- This approach was used in the ATL/WTL (Active Template Library, Windows Template Library) in the early 2000-s. It was a bad idea, because you need to generate executable code, interfering with NX-bit memory protection.
Windows actually had a workaround in its NX-bit implementation that recognized the byte patterns of these trampolines from the fault handler: https://web.archive.org/web/20090123222148/http://support.mi...
- This somewhat reminds me of the old MakeProcInstance mechanism in Win16, which was quickly rendered obsolete by someone who made an important realisation: https://www.geary.com/fixds.html
Another seemingly underutilised feature closely related to {Get,Set}WindowLong is cbClsExtra/cbWndExtra which lets you allocate additional data associated with a window, and store whatever you want there. The indices to the GWL/SWL function are quite revealing of how this mechanism works:
https://learn.microsoft.com/en-us/windows/win32/api/winuser/...
- > This is more work than going through GWLP_USERDATA
Indeed, aside from a party trick, why build an executable trampoline at runtime when you can store and retrieve the context, or a pointer to the context, with SetWindowLong() / GetWindowLong() [1]?
Slightly related: in my view Win32 windows are a faithful implementation of the Actor Model. The window proc of a window is mutable, it represents the current behavior, and can be changed in response to any received message. While I haven't personally seen this used in Win32 programs it is a powerful feature as it allows for implementing interaction state machines in a very natural way (the same way that Miro Samek promotes in his book.)
[1] https://learn.microsoft.com/en-us/windows/win32/api/winuser/...
- Hah! I usually allocate trampolines at runtime, as the article suggests, but reserving R/W space for them within the application's memory space is a cute trick.
Probably not useful for most of my use cases (I'm usually injecting a payload, so I'd still have the pointer-distance issue between the executable and my payload), but it's still potentially handy.
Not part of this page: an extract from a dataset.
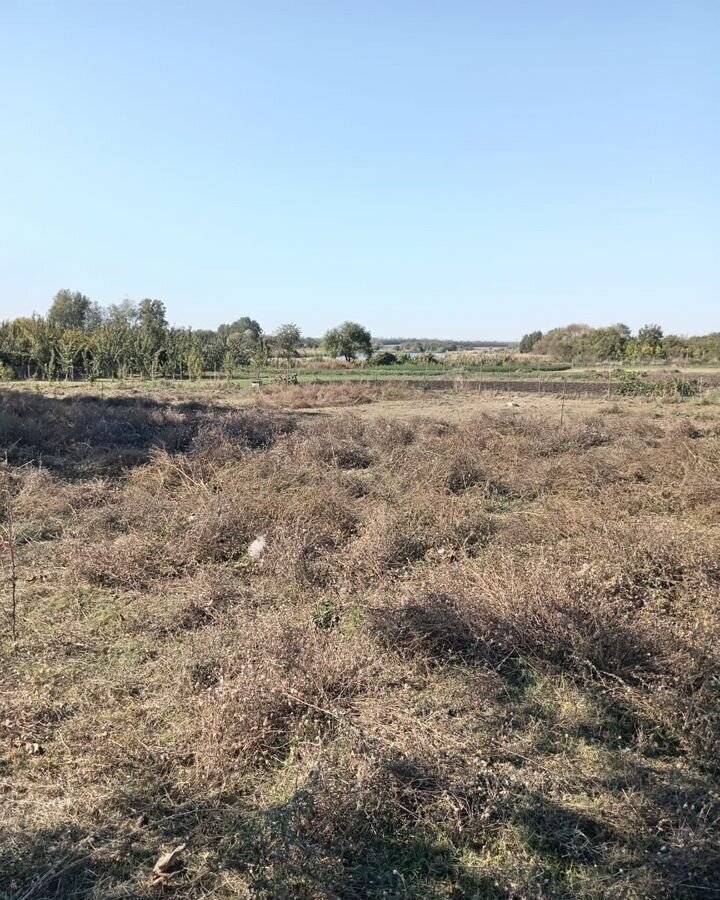 земля р-н Кореновский х Казаче-Малеваный ул Лунева 192а Журавское сельское поселение, Выселки фото 4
Will have to keep that around!
- > Taking this idea further, I’d like to generate these new functions on demand at run time akin to a JIT compiler
This is cool, but isn’t runtime code generation pretty frowned upon nowadays?
- Or I don't know, just use C++ lambdas instead?
- I hate to say it (and I know a lot of C apologists will downvote it), but there is no native closure in C, all you have is a function pointer in C, and you need to manually add the "context" pointer to make it a closure, in the strict (textbook) sense. That's because C does not have the concept of "data ownership", only automatic memory (that is on stack or register) or manual memory (in the sense of malloc/sbrk'd blocks), but a (again, textbook definition of) closure requires you to have access to the data of caller/"parent"/upper layer [^1].
And that's why I generally don't see C to have closures, and requires a JIT/dynamic code generation approach as this article has actually done (using shadow stacks). There is also a hack in GNU C which introduce local function lambda, but it is not in ISO C, and obviously won't in the next decade or so.
[^1]: https://en.wikipedia.org/wiki/Closure_(computer_programming)